(Short descriptive text snippets)
• • • •

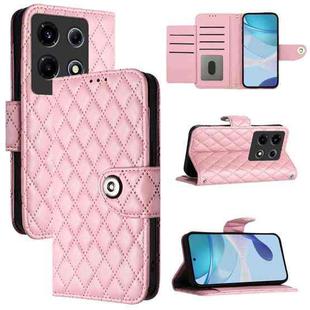 For Infinix Note 30 VIP Rhombic Texture Flip Leather Phone Case with Lanyard(Pink)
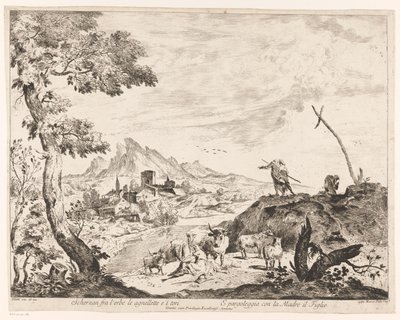 Landscape with Shepherds and Cattle by Domenico Bernardo Zilotti
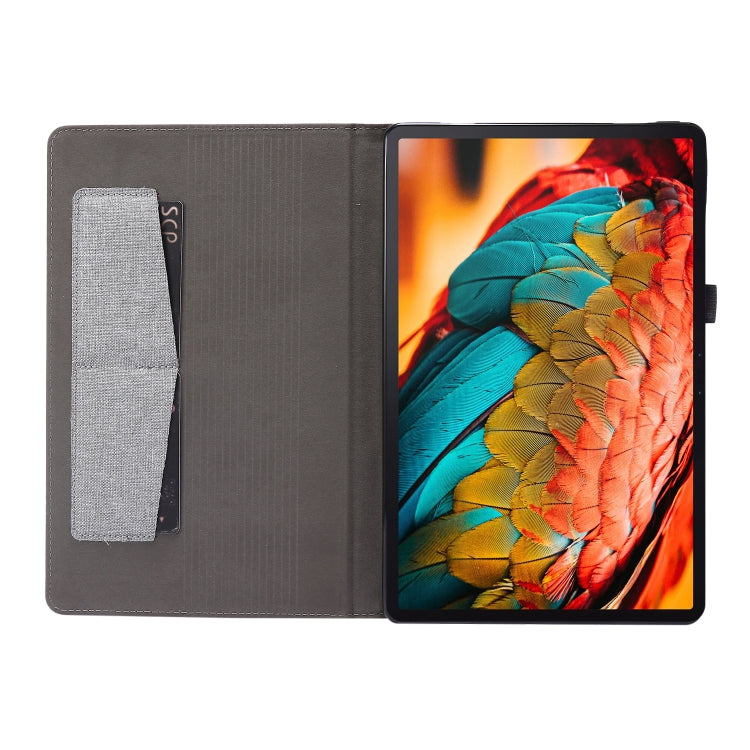 For Lenovo Tab P11 Horizontal Flip TPU + Fabric PU Leather Protective Case with Name Card Clip(Red) - Lenovo by buy2fix | Online Shopping UK | buy2fix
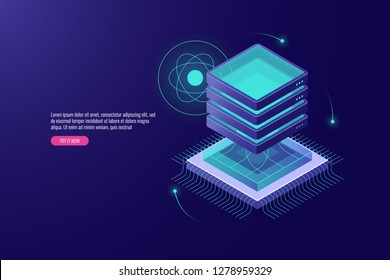 Server room isometric, cloud storage and data center icon, futuristic technology concept, big data processing, microprocessor, cpu vector illustration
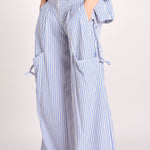 pantalone in popeline a righe RYAN MJD250_ATEX93 BLUE WHITE STRIPES jejia 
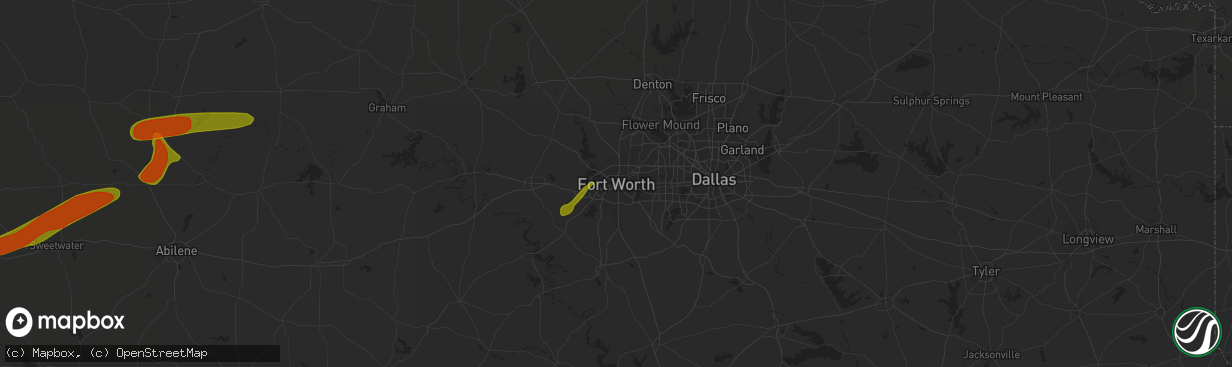 Hail map in Fort Worth, TX on June 23, 2018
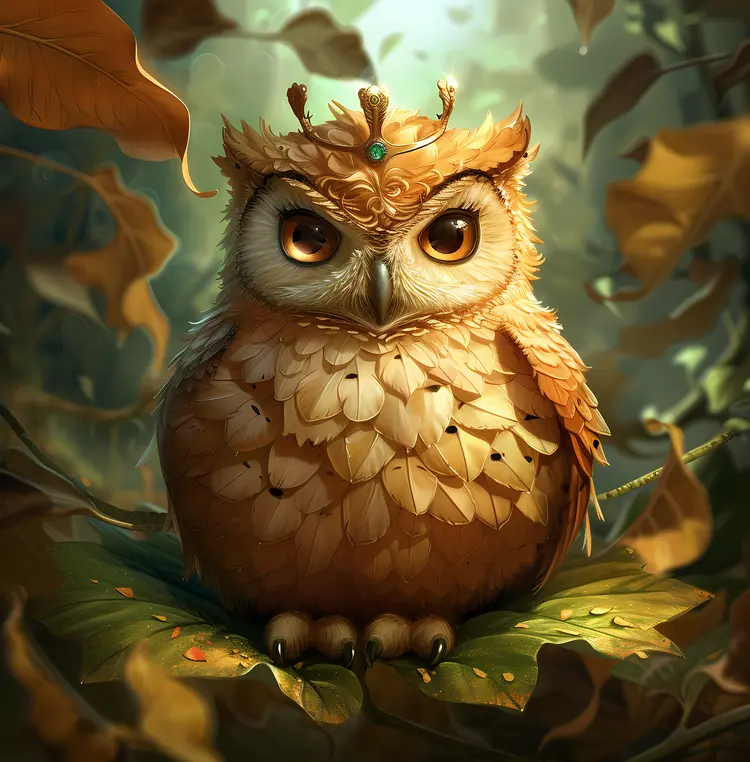 Majestic Owl with Crown in Autumn Forest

• • • •

* _Task description_: Restate the data word for word from its first line through the line with "For Lenovo Tab", leaving out any picture along the way.

* _Solution_:
 For Infinix Note 30 VIP Rhombic Texture Flip Leather Phone Case with Lanyard(Pink)
 Landscape with Shepherds and Cattle by Domenico Bernardo Zilotti
 For Lenovo Tab P11 Horizontal Flip TPU + Fabric PU Leather Protective Case with Name Card Clip(Red) - Lenovo by buy2fix | Online Shopping UK | buy2fix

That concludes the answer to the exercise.